Si existe algo más inexpugnable y difícil de pillar que la legionella de Alcoy, es la zaplanella. El día que se abra la caja negra de este episodio autonómico finisecular se podrá constatar que Eduardo Zaplana también fue, en cierto modo, un microorganismo que se propagó por inhalación, a través de los aerosoles creados en sus propios discursos, en los que vaporizó la nada en partículas que parecían palacios y viceversa, si era de su interés. Quizá la sociedad valenciana tuviese el estancamiento apropiado, con la materia orgánica y los posos de corrosión indicados, así como una temperatura política entre 25 y 40 grados, para que llegara hasta la cumbre de la torre de refrigeración de la Generalitat y se propagara.Se verá que su arma disuasoria, tanto para el ataque como para la defensa, fue el aerosol retórico. Y que aquí, más en la biología que en la ideología, radicó su fortaleza política. Hasta el punto que si se pasase al lado oscuro, habría que pillarlo con las manos en la masa, en compañía de dos notarios, una patrulla y varias cámaras de televisión, y aun así negaría lo que saltaba a la vista sin dejar de mirar a los ojos del interlocutor con cara de estadista compulsivo.

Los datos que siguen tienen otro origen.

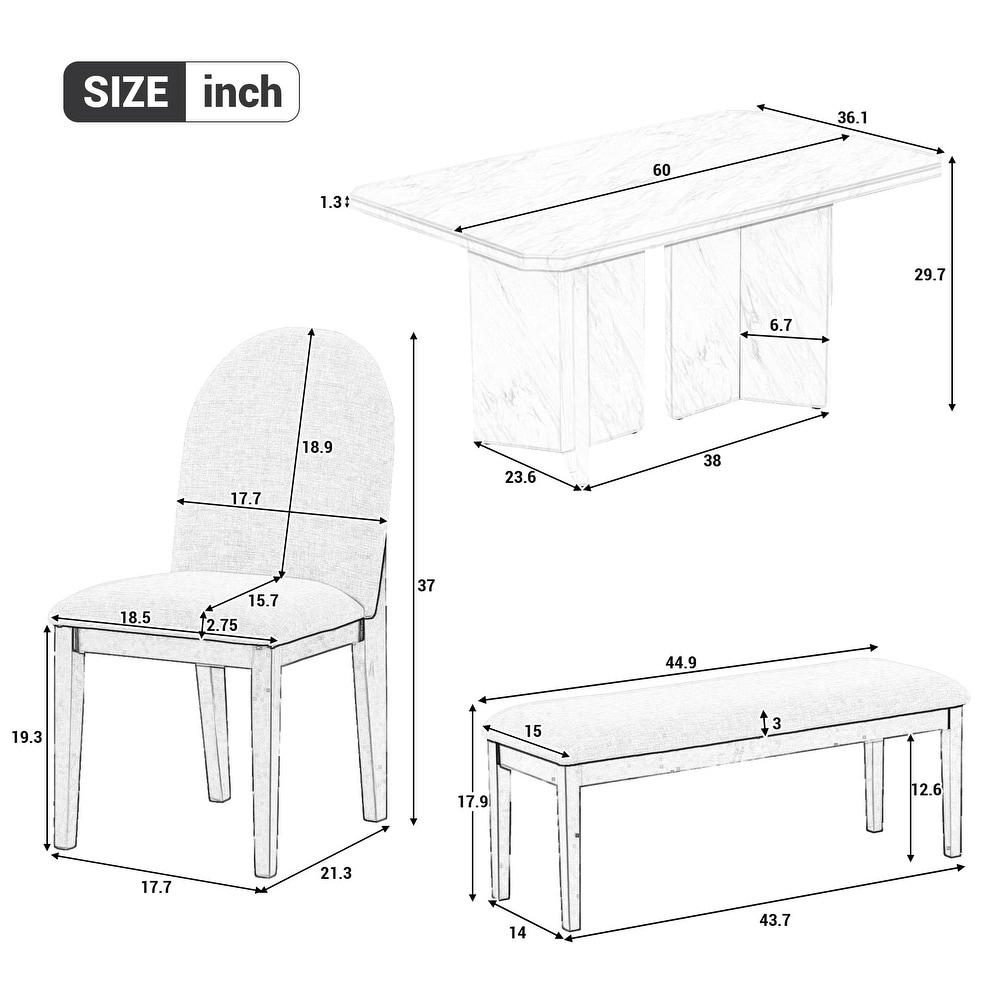 Rectangular Marble Texture Table and 4 Upholstered Dining Chairs1 Bench for Dining Room  6 Piece Modern Dining Table Set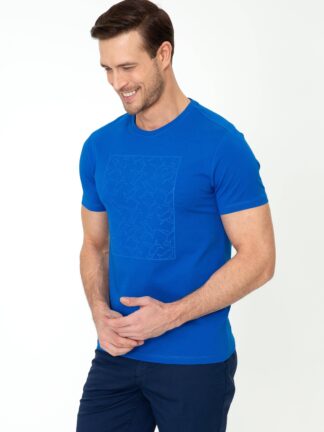 تی شرت یقه گرد مردانه آبی کاشارل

El presidente de la Generalitat desplegó ese mismo frontón hermético ayer por la mañana en las Cortes para que rebotaran las blandas pelotas que le lanzó Joaquim Puig, con sus nuevos modos de hacer oposición, y los insistentes mordiscos a la yugular de Joan Ribó. Zaplana se cerró en banda, mientras Serafín Castellano ardía en llamas, y se quedó a un paso de negar que hubiera legionella en Alcoy, puesto que la única epidemia palpable era la envolvente perversa de los medios de comunicación y de la oposición. Entonces enchufó el ventilador, exhumó la mortandad del caso Ardystil, se dio lustre y se fue como vino, con sus dos vicezaplanas y el aerosol flotante habitual.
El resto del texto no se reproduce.